The reduced dynamics method was originally proposed by scholars such as T.P.Yunck, S.CWu et al and 1986, and was applied to the actual satellite orbit determination task. The method fuses the orbit dynamics equation of the satellite and the GPS observation equation, and performs optimal solution between the dynamics information and the geometric information, thereby weakening the error influence of the dynamics model, and realizing continuous orbit determination under the condition of poor GPS satellite geometric distribution or data interruption. The method gives full play to the advantages of both satellite orbit dynamics and GPS measurement, and the provided orbit solution is the satellite mass center. The orbit accuracy of the reduced dynamics approach to centimeter level has been verified by orbit determination of the GOCE satellites as early as 2000 by using dual-frequency GPS to receive data from p.n.a.m Visser and j.van den Ijssel.
In 2002, Chiaradia researches a method for performing real-time reduced dynamic orbit determination on a Topex/Poseidon satellite by using single-frequency GPS data, achieves the orbit determination precision of tens of meters, and verifies the feasibility of performing real-time orbit determination on a low-orbit satellite by using a cheap single-frequency GPS receiver.
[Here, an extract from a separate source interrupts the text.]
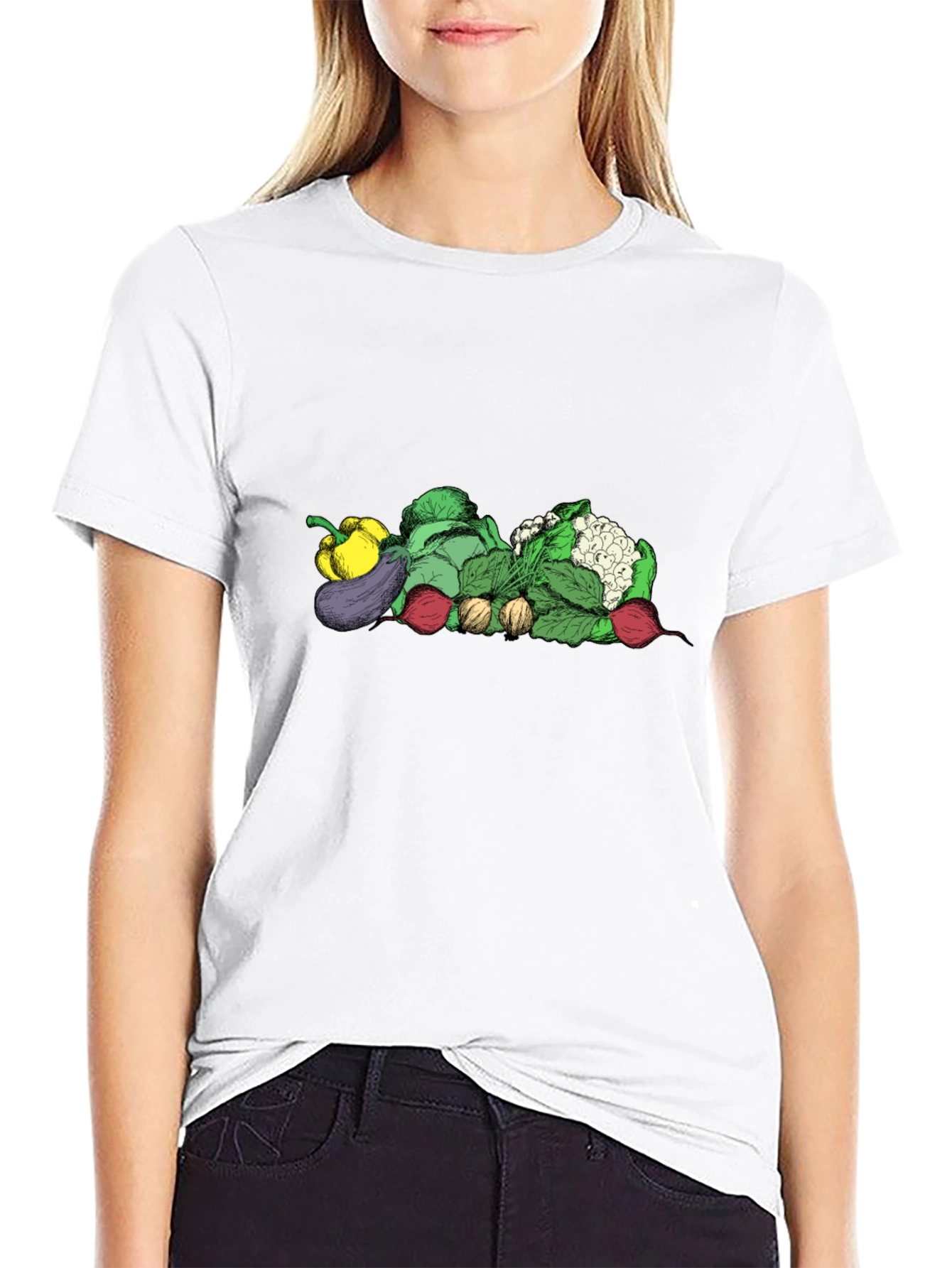 Vegetable Medley Graphic Tee - Black Unisex Shirt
Nowadays, a post-processing reduced dynamics orbit determination method is very mature, the orbit determination precision is high, the reduced dynamics orbit determination method based on single frequency and real time is also widely researched, but the reduced dynamics method has the most essential problems of complex calculation, large calculation amount, influence by the precision of a dynamics model and the like, so that the reduced dynamics method cannot be well applicable to the situations of small satellites with limited task budget and satellite resources, micro-nano satellite orbit determination tasks, satellite orbit change and the like. Thus, GNSS kinematic orbit determination methods that are more versatile and relatively less studied should receive more extensive attention.
A kinematic orbit determination method based on GNSS is a method for positioning and resolving only depending on GNSS pseudo-range information and carrier phase information received by a receiver. The orbit solution provided by the method is the position of the phase center of the antenna of the satellite-borne GNSS receiver.
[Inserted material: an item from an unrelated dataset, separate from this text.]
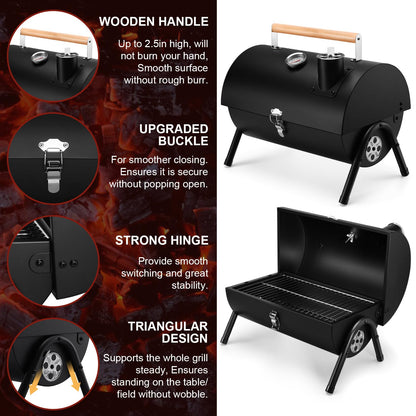 Joyfair Portable Charcoal Grill with Thermometer, Small Tabletop Barbecue Grill for Outdoor Camping Backyard Party BBQ Cooking, Extra Thick Steel & Heavy Duty, Innovative Design & Easy Assembly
In 2003, Montenbruck verifies the precision of the pure kinematics orbit determination method, and the method adopting single-frequency measurement data and GRAPHIC combined ionosphere elimination finally obtains 1-1.5m orbit determination three-dimensional error, thereby demonstrating the high-precision orbit determination feasibility of pure kinematics. However, compared to reduced kinetics methods, the kinematics tracking method is less studied, especially in the single-frequency real-time domain.
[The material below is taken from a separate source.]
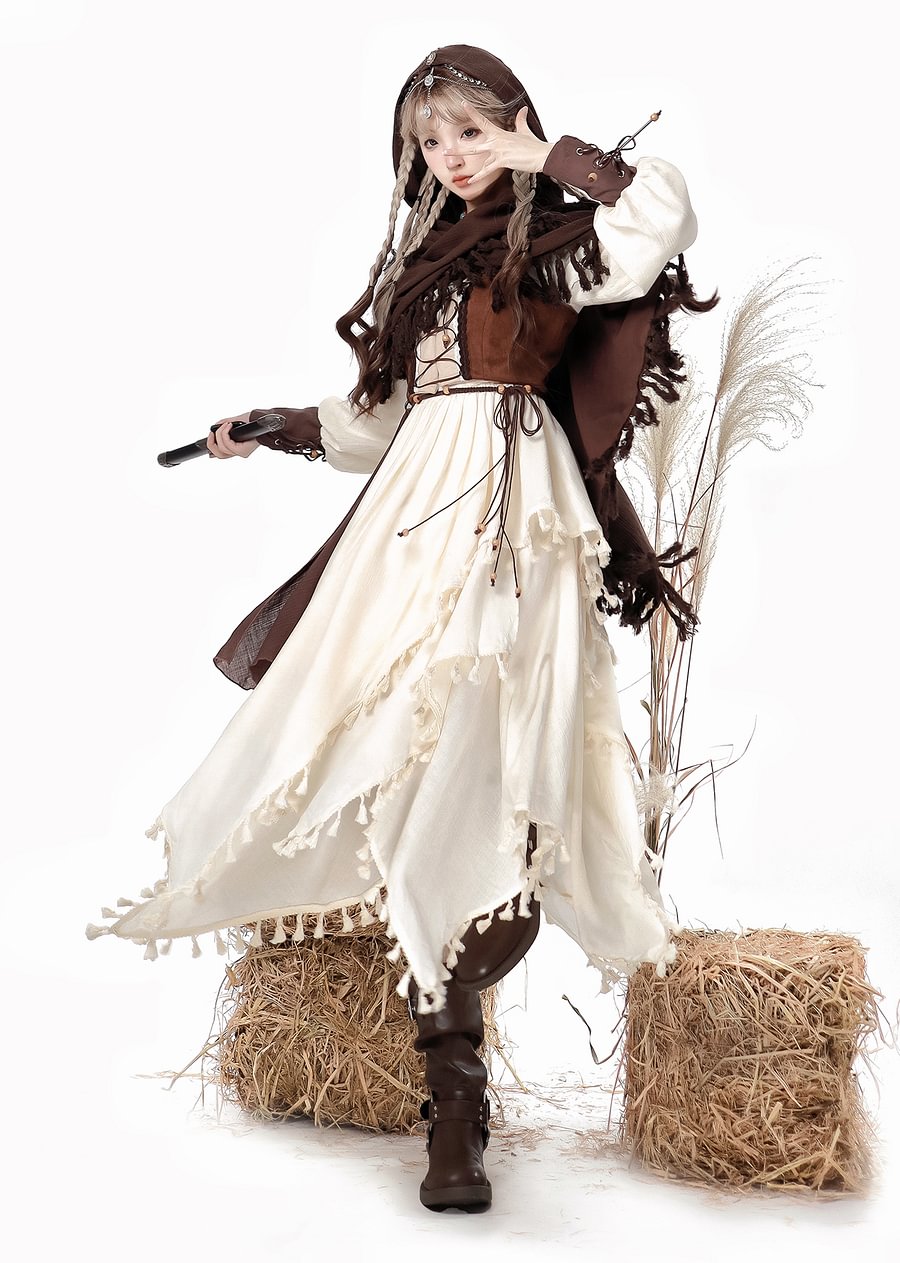 Dirty Fit Wasteland Style Cowboy Long Sleeved Dress Cloak Set Punk Lolita Dress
In summary, the invention provides a high-precision real-time micro-nano satellite cluster navigation algorithm, which corrects a state quantity predicted value obtained by an absolute/relative dynamics model by using GNSS broadcast ephemeris, single-frequency pseudo range and carrier phase information received by a receiver through an Extended Kalman Filter (EKF) to obtain a high-precision navigation result. And by utilizing a distributed design concept, the final high-precision navigation result of the satellite cluster is obtained by fusing the navigation result of each satellite in the satellite cluster.
Disclosure of Invention
Objects of the invention
The invention provides a distributed high-precision real-time navigation algorithm based on GNSS broadcast ephemeris, single-frequency pseudorange and carrier phase information, aiming at solving the problem of high-precision orbit determination of a micro-nano satellite cluster. The method has the advantages of high precision and good real-time performance, and is suitable for real-time absolute navigation and positioning scenes of small satellites or micro-nano satellite clusters by utilizing a GNSS receiver.
(II) technical scheme
For convenience of description, taking a satellite cluster formed by three stars A, B, C as an example, the implementation steps of the high-precision real-time micro-nano satellite cluster navigation algorithm provided by the invention are as follows:
the method comprises the following steps: computing state predictions for satellites in a cluster
The satellite A calculates to obtain a state prediction value of the position and the speed of the satellite A by using an absolute dynamic model, and calculates to obtain state prediction values of the satellite B and the satellite C in the cluster by using a relative dynamic model.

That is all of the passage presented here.